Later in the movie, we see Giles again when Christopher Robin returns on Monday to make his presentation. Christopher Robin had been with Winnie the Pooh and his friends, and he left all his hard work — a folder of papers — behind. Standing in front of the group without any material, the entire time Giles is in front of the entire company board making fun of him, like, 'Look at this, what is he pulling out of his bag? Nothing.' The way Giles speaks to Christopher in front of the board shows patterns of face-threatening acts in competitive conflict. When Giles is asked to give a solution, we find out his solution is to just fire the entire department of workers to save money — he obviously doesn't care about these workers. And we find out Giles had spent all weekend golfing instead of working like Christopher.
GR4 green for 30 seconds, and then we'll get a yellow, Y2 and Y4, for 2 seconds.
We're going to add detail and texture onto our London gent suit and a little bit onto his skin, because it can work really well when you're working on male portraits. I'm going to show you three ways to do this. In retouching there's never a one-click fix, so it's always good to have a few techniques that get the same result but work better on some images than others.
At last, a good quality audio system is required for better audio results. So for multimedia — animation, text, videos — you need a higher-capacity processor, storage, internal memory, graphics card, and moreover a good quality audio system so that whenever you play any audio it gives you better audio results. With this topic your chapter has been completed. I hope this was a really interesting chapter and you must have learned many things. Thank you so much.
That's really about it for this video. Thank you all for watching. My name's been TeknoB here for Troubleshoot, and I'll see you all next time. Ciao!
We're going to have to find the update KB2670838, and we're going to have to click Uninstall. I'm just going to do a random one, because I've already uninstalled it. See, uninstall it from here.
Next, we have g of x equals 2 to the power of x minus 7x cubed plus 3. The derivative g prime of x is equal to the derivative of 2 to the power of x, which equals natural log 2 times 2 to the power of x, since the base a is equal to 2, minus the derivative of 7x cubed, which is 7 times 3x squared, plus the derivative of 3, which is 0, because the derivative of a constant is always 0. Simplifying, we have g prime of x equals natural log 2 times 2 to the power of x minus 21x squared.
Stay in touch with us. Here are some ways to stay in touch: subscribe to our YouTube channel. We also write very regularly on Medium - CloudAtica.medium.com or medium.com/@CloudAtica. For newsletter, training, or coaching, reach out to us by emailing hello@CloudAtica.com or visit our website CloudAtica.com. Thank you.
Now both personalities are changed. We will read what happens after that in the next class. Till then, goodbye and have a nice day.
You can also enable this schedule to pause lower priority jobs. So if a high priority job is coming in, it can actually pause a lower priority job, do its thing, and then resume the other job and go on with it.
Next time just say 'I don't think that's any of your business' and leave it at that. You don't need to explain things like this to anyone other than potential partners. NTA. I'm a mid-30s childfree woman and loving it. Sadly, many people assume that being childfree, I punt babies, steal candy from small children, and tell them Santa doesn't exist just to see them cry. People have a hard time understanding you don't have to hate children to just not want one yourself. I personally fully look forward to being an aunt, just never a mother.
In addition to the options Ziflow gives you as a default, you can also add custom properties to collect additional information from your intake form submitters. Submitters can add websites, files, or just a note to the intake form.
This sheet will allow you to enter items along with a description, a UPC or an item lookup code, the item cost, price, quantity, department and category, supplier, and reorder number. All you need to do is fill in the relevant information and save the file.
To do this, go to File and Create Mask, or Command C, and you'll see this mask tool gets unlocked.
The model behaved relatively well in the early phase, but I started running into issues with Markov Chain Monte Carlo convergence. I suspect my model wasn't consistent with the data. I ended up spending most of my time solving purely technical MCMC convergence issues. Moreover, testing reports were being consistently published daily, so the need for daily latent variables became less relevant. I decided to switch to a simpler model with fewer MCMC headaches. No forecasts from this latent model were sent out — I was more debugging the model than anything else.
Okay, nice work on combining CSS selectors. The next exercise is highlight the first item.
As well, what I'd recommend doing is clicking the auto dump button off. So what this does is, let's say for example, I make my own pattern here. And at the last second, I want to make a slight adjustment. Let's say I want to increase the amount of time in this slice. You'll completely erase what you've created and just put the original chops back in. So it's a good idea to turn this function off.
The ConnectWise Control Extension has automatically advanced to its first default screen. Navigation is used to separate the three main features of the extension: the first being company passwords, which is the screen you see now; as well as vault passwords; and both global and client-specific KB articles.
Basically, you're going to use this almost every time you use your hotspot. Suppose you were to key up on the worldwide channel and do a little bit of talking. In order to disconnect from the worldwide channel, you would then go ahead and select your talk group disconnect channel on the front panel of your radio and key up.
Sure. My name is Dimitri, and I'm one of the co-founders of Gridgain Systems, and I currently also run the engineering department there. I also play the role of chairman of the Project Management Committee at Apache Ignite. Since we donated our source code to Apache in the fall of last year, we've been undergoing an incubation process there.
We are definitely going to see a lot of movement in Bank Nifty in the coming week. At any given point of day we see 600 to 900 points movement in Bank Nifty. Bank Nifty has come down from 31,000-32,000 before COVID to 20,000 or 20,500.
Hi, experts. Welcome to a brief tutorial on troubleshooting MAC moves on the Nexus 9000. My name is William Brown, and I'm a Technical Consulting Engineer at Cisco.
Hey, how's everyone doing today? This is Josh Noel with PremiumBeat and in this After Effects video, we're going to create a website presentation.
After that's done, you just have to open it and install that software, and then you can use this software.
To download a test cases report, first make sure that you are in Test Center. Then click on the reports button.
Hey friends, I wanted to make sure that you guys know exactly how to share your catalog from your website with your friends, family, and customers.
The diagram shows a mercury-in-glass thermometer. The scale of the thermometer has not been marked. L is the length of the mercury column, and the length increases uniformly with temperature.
--------------------------------
• **GOAL OF THE EXERCISE**
A complete answer lists every line of the listing above that holds the word "button".

• **ANSWER BELOW**
As well, what I'd recommend doing is clicking the auto dump button off. So what this does is, let's say for example, I make my own pattern here. And at the last second, I want to make a slight adjustment. Let's say I want to increase the amount of time in this slice. You'll completely erase what you've created and just put the original chops back in. So it's a good idea to turn this function off.
To download a test cases report, first make sure that you are in Test Center. Then click on the reports button.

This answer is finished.